Jason goes to the Niles Film Museum and sees STEAMBOAT BILL, JR.

Plus, of course, a couple of shorts.

First up, LEATHER PUSHERS, ROUND 3: THE KNOCKOUT (1922): A short time ago they played round 2 of this serial at Niles. In the series, Reginald Denny plays Kane Halliday, aka Kid Roberts, the son of a failed businessman who's trying to raise a fortune through boxing, even though that's not considered appropriate in his college-educated society circles. So he solves that by boxing behind a mask.
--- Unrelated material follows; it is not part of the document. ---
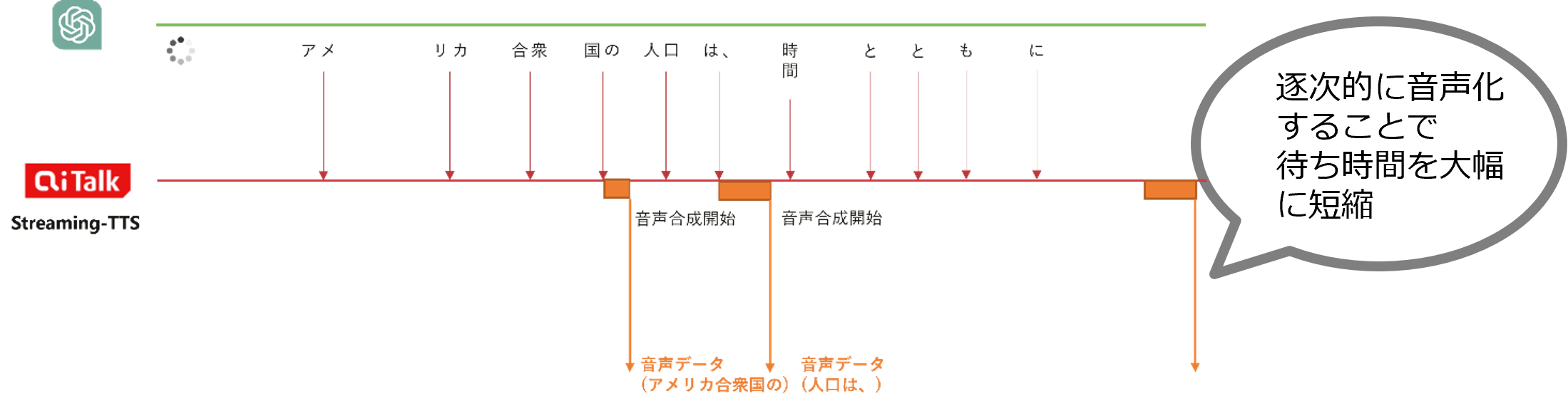 入力ストリーミング音声合成APIのイメージ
RUN, GIRL, RUN (1928): A Mack Sennet Comedies production, so you know wacky hijinks will be involved. Carole Lombard plays Norma, the star of a girl's track team so inept, they haven't won since the Dead Sea was only sick. Diminutive Daphne Pollard plays coach Minnie Marmon, and pratfalls abound in training Then when Carole is is trying to sneak out at night to see her boyfriend. And then finally at the big track meet. Very funny.

Then, after a brief intermission, we were back with the main event.

STEAMBOAT BILL, JR. (1928): The Buster Keaton classic. What can I say? Keaton at the top of his game, playing the puny college son of burly steamboat captain William "Steamboat Bill" Canfield (Ernest Torrence.) He's an embarrassment to his father, and to make things worse it turns out his college sweetheart is actually the daughter of his father's worst enemy, the rich and powerful (and appropriately named) Mr. King. It seems he's in for nothing but trouble, but when a big storm hits town, Steamboat Bill, Jr. uses his wits to save everyone and win the girl. It also features one of Keaton's most famous gags--where the side of a house falls on him, leaving him unscathed as the open window frame falls right around him.

Oh, and STEAMBOAT BILL, JR. was shown in a beautiful 35 mm print. Most films shown at Niles are on 16 mm, and the format made a huge difference. Just beautiful.